Coronavirus aftermath: 1.1 billion could become extremely poor, globally
The economic repercussions of coronavirus, which has already taken 423,844 lives globally, are mountainous. Thanks to lockdowns, enforced to break the transmission chain, even the richest countries are staring at oblivion. And now studies have suggested that in the post-coronavirus world, more people will be pushed into extreme poverty. Child labor will also witness a surge, after nearly two decades. Here are more details.
A report published on Friday by the UNU-WIDER, a part of the United Nations' University, said an extra 395 million people would be pushed into extreme poverty. With this, the total number of people living on less than $1.90/day (the benchmark the World Bank uses to define extreme poverty) would swell to a staggering 1.1 billion. Those living under $5.50/day fall in higher poverty lines.
One of the authors, Andy Sumner, asked countries to take concrete steps quickly. "The outlook for the world's poorest looks grim unless governments do more and make up the daily loss of income the poor face. The result is progress on poverty reduction could be set back 20-30 years and making the UN goal of ending poverty look like a pipe dream," he said.
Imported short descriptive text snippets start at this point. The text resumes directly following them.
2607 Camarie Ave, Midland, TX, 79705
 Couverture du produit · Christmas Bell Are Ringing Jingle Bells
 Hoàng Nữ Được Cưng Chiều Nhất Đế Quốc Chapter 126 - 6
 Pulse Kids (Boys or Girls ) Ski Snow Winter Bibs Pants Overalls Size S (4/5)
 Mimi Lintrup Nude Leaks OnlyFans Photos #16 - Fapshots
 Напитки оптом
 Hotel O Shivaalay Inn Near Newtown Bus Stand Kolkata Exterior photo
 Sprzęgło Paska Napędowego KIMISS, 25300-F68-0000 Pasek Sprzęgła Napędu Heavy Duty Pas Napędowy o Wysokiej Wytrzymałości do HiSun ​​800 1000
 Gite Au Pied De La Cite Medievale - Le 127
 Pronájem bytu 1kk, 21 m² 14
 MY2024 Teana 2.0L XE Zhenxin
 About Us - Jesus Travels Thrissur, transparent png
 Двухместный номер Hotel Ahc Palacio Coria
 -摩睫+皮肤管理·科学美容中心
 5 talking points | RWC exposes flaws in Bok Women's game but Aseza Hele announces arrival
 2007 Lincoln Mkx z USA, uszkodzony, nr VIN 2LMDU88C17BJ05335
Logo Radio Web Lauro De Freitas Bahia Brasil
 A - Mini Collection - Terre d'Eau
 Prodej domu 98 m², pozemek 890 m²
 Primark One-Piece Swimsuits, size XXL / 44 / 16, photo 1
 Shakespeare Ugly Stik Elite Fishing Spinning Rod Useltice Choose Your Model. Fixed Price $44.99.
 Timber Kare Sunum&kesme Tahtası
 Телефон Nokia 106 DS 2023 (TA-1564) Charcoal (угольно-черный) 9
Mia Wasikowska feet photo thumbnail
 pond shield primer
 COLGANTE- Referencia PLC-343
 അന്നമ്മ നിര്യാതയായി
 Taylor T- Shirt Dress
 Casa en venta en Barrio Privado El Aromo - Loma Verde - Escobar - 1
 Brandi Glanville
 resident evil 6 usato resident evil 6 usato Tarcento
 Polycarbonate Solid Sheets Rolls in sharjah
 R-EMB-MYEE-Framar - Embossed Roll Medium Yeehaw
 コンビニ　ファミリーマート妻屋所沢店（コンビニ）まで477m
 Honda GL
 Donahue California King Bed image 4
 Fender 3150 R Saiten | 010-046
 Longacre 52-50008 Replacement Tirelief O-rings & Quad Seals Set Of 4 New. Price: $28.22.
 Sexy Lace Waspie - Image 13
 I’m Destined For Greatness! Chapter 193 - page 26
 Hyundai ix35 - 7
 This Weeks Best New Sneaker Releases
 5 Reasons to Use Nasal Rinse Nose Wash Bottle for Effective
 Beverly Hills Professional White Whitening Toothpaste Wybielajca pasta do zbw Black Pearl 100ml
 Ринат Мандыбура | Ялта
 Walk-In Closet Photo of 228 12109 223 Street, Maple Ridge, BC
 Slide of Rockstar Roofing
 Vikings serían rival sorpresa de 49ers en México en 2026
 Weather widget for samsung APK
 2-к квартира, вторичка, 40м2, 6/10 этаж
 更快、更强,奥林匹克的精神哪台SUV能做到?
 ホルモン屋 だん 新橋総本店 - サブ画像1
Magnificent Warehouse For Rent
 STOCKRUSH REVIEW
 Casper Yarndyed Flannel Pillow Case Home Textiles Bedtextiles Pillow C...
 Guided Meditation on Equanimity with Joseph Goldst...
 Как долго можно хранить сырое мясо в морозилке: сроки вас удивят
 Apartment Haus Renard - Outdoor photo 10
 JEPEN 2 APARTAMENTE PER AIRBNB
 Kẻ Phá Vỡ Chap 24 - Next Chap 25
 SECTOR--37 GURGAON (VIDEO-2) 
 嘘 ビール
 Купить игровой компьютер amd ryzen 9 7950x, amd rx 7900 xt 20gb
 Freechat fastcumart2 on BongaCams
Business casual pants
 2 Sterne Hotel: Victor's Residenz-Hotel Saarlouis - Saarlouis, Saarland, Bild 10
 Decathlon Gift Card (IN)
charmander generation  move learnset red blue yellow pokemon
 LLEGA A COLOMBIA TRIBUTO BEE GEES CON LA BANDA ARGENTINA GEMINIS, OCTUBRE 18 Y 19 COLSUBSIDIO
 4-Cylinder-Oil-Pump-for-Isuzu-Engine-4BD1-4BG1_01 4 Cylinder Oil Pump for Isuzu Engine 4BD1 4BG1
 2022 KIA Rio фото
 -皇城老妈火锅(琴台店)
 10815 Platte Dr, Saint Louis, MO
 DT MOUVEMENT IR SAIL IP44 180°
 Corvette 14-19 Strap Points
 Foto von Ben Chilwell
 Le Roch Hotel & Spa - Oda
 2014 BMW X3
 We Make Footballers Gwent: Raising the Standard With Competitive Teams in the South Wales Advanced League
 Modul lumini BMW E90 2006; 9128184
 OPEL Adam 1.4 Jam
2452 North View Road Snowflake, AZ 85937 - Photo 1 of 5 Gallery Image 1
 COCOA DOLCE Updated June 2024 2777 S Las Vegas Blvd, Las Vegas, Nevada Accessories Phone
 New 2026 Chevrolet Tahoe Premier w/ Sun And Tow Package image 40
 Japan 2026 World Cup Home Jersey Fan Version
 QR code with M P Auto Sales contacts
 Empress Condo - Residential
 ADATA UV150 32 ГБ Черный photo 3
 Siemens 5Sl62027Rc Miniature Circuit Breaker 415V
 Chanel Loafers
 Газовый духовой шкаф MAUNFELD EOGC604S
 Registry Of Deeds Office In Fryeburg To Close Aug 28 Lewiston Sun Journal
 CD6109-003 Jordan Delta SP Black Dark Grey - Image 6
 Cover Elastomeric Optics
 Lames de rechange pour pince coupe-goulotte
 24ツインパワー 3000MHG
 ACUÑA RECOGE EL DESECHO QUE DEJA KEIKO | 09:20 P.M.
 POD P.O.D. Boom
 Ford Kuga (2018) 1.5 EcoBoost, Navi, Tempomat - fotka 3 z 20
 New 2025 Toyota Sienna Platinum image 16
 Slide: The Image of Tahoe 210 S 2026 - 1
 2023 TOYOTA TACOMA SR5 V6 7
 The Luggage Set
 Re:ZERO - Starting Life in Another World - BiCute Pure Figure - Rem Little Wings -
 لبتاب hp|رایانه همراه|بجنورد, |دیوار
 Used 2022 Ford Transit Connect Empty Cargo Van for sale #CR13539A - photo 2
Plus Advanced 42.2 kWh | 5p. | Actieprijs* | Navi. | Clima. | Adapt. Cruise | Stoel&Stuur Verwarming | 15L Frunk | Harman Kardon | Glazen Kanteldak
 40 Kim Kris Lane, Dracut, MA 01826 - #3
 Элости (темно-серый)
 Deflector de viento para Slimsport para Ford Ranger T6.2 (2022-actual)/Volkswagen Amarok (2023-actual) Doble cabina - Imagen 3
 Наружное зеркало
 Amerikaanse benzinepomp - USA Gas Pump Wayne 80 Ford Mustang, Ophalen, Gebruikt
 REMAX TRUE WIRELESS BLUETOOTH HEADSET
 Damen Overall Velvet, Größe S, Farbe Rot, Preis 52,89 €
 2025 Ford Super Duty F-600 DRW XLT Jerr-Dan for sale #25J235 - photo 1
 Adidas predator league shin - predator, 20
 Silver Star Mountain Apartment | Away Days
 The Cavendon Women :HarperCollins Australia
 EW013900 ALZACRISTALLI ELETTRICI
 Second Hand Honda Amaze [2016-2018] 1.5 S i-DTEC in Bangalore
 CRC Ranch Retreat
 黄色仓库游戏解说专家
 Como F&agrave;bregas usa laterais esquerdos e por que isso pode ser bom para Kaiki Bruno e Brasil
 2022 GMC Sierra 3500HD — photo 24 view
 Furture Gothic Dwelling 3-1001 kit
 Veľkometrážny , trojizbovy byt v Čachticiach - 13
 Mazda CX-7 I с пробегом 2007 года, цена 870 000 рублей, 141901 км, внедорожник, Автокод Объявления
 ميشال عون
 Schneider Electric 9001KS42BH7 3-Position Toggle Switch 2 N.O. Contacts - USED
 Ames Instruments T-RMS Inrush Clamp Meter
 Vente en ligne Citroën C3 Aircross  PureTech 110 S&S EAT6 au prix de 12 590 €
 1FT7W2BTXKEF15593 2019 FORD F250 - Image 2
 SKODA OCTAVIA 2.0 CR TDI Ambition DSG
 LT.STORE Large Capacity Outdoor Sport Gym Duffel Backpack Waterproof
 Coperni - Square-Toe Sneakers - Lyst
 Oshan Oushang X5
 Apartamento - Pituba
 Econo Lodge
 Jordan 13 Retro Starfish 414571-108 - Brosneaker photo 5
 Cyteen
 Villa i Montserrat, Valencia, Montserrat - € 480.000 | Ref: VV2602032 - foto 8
Experts also predicted the regions which would be worst-hit by poverty in the aftermath of the pandemic. Buoyed by largely-populated India, South Asia could see the biggest surge in extreme poverty. One-third of the surge could come from Sub-Saharan Africa.
Earlier this month, the World Bank predicted nearly 60 million people would be pushed to extreme poverty in 2020 due to coronavirus. Hence, countries were suggested to not only concentrate on the health problem but also think of long-term comprehensive measures to help the downtrodden. The apex bank noted that the economic shutdowns dealt a major blow to countries, especially poorer ones.
"Policy choices made today - including greater debt transparency to invite new investment, faster advances in digital connectivity, and a major expansion of cash safety nets for the poor - will help limit the damage and build a stronger recovery," Group President David Malpass asserted.
Separately, the UN's child care wing, UNICEF, and the International Labour Organization (ILO) addressed media together on Friday saying child labor will see a rise too, demolishing all the progress of the last two decades. Globally, the number of children stuck in labor declined by 94 million since 2000. "The COVID-19 pandemic poses very real risks of backtracking," the bodies said.
The agencies explained that the rise in poverty was directly proportional to child labor. In some countries, a 1% rise in poverty, leads to a 0.7% increase in child labor. "As the pandemic wreaks havoc on family incomes, without support, many could resort to child labor," ILO chief Guy Ryder said. Those who are already working would be forced to put in longer hours.
In the unfortunate scenario of the death of one or both parents due to coronavirus, kids would be forced to step up as the breadwinners, the agencies added. Girls could be exploited in agriculture and domestic work. Further, this labor problem has been emboldened by the temporary closure of schools. Over 1 billion pupils across 130 countries have been affected so far, they added.
Between 2012 and 2016, nearly 152 million kids were forced into work, the ILO said in 2017. UNICEF Chief Henrietta Fore said in the post-coronavirus world, countries have to ensure children and families have tools "to weather similar storms in the future". "Quality education, social protection services, and better economic opportunities can be game-changers," her statement read.